» WHAT THE TASK REQUIRES:
Each line below must be written out exactly as shown.

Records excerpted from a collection

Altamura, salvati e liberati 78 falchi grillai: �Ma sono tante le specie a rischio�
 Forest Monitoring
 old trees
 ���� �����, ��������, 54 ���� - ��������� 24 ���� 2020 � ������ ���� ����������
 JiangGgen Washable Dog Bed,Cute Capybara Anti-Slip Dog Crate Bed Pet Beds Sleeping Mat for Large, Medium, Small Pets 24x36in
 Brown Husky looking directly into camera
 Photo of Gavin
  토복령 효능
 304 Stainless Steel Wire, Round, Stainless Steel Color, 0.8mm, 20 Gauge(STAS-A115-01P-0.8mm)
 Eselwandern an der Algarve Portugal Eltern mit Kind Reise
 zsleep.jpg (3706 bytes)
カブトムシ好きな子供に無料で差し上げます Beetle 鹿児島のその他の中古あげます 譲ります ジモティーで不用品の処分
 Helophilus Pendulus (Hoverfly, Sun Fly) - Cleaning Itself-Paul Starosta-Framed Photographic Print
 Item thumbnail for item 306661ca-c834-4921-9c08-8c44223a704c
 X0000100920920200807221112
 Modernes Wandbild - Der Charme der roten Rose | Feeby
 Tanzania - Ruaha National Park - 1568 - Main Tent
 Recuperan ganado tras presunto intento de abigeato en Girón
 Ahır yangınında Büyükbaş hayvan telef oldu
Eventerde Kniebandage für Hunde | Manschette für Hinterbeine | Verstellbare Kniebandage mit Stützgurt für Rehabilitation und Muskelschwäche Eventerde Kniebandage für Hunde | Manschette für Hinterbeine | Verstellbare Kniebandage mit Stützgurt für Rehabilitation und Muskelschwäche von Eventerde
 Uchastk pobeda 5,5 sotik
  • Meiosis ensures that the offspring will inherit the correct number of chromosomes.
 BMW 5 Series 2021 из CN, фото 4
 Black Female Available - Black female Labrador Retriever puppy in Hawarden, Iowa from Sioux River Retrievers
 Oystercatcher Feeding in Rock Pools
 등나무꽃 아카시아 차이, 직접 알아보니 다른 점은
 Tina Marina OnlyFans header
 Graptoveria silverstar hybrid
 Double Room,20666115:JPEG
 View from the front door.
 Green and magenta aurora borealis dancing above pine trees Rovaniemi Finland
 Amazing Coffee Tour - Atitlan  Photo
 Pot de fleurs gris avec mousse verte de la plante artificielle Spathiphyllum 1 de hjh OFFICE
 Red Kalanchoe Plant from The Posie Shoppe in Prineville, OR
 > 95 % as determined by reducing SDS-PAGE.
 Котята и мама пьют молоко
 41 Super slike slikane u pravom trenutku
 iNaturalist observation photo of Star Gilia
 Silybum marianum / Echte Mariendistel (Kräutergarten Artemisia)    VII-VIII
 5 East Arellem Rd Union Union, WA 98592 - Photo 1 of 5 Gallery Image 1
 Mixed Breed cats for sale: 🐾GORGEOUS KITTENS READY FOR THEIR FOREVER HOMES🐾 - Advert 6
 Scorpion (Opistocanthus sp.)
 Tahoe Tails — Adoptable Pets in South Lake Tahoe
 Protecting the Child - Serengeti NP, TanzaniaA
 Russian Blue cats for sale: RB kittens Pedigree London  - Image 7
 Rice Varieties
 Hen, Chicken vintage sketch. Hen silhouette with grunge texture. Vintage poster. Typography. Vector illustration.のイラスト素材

» PROBLEM SOLUTION:
Altamura, salvati e liberati 78 falchi grillai: �Ma sono tante le specie a rischio�
 Forest Monitoring
 old trees
 ���� �����, ��������, 54 ���� - ��������� 24 ���� 2020 � ������ ���� ����������
 JiangGgen Washable Dog Bed,Cute Capybara Anti-Slip Dog Crate Bed Pet Beds Sleeping Mat for Large, Medium, Small Pets 24x36in
 Brown Husky looking directly into camera
 Photo of Gavin
  토복령 효능
 304 Stainless Steel Wire, Round, Stainless Steel Color, 0.8mm, 20 Gauge(STAS-A115-01P-0.8mm)
 Eselwandern an der Algarve Portugal Eltern mit Kind Reise
 zsleep.jpg (3706 bytes)
カブトムシ好きな子供に無料で差し上げます Beetle 鹿児島のその他の中古あげます 譲ります ジモティーで不用品の処分
 Helophilus Pendulus (Hoverfly, Sun Fly) - Cleaning Itself-Paul Starosta-Framed Photographic Print
 Item thumbnail for item 306661ca-c834-4921-9c08-8c44223a704c
 X0000100920920200807221112
 Modernes Wandbild - Der Charme der roten Rose | Feeby
 Tanzania - Ruaha National Park - 1568 - Main Tent
 Recuperan ganado tras presunto intento de abigeato en Girón
 Ahır yangınında Büyükbaş hayvan telef oldu
Eventerde Kniebandage für Hunde | Manschette für Hinterbeine | Verstellbare Kniebandage mit Stützgurt für Rehabilitation und Muskelschwäche Eventerde Kniebandage für Hunde | Manschette für Hinterbeine | Verstellbare Kniebandage mit Stützgurt für Rehabilitation und Muskelschwäche von Eventerde
 Uchastk pobeda 5,5 sotik
  • Meiosis ensures that the offspring will inherit the correct number of chromosomes.
 BMW 5 Series 2021 из CN, фото 4
 Black Female Available - Black female Labrador Retriever puppy in Hawarden, Iowa from Sioux River Retrievers
 Oystercatcher Feeding in Rock Pools
 등나무꽃 아카시아 차이, 직접 알아보니 다른 점은
 Tina Marina OnlyFans header
 Graptoveria silverstar hybrid
 Double Room,20666115:JPEG
 View from the front door.
 Green and magenta aurora borealis dancing above pine trees Rovaniemi Finland
 Amazing Coffee Tour - Atitlan  Photo
 Pot de fleurs gris avec mousse verte de la plante artificielle Spathiphyllum 1 de hjh OFFICE
 Red Kalanchoe Plant from The Posie Shoppe in Prineville, OR
 > 95 % as determined by reducing SDS-PAGE.
 Котята и мама пьют молоко
 41 Super slike slikane u pravom trenutku
 iNaturalist observation photo of Star Gilia
 Silybum marianum / Echte Mariendistel (Kräutergarten Artemisia)    VII-VIII
 5 East Arellem Rd Union Union, WA 98592 - Photo 1 of 5 Gallery Image 1
 Mixed Breed cats for sale: 🐾GORGEOUS KITTENS READY FOR THEIR FOREVER HOMES🐾 - Advert 6
 Scorpion (Opistocanthus sp.)
 Tahoe Tails — Adoptable Pets in South Lake Tahoe
 Protecting the Child - Serengeti NP, TanzaniaA
 Russian Blue cats for sale: RB kittens Pedigree London  - Image 7
 Rice Varieties
 Hen, Chicken vintage sketch. Hen silhouette with grunge texture. Vintage poster. Typography. Vector illustration.のイラスト素材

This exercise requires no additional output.